Stanley Newman (born July 19, 1952) is an American puzzle creator, editor, and publisher.  Newman has been the editor of the Newsday Sunday crossword puzzle since 1988 and the editor of the Newsday daily crossword puzzle since 1992.  He is also a trivia buff and the co-author of a trivia encyclopedia, 15,003 Answers.

Newman is a native of Brooklyn, New York, and is a Phi Beta Kappa graduate of Brooklyn College, where he majored in mathematics.  He went on to earn a master’s degree in statistics from Rutgers University.

Newman's puzzle career started after he won the inaugural U.S. Open Crossword Championship in 1982.  He also won the American Crossword Puzzle Tournament that year.  Newman started a crossword newsletter in 1983 and began creating his own crosswords soon thereafter.  He is the author or editor of over 100 books and is the current world record holder for the fastest solving of a New York Times crossword. 

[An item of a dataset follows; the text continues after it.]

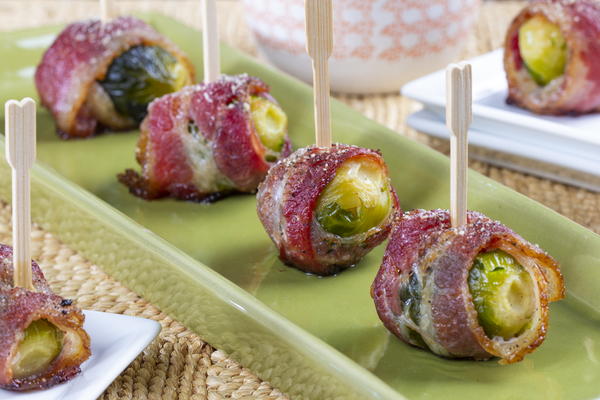 Bacon Wrapped Brussels Sprouts Bacon Wrapped Brussel Sprouts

In 1990, Newman appeared as a contestant on The Challengers television game show and was its biggest winner, finishing with a grand total of $112,480. Over half of that came from his win in the series' Invitational Tournament of Champions, along with a $31,000 Ultimate Challenge win (Unfortunately for Newman, his final day ended with him in negative territory, and thus he was unable to compete in the Final Challenge). He currently is a regular contestant at the Allentown, Pennsylvania Trivia Bowl, held twice annually.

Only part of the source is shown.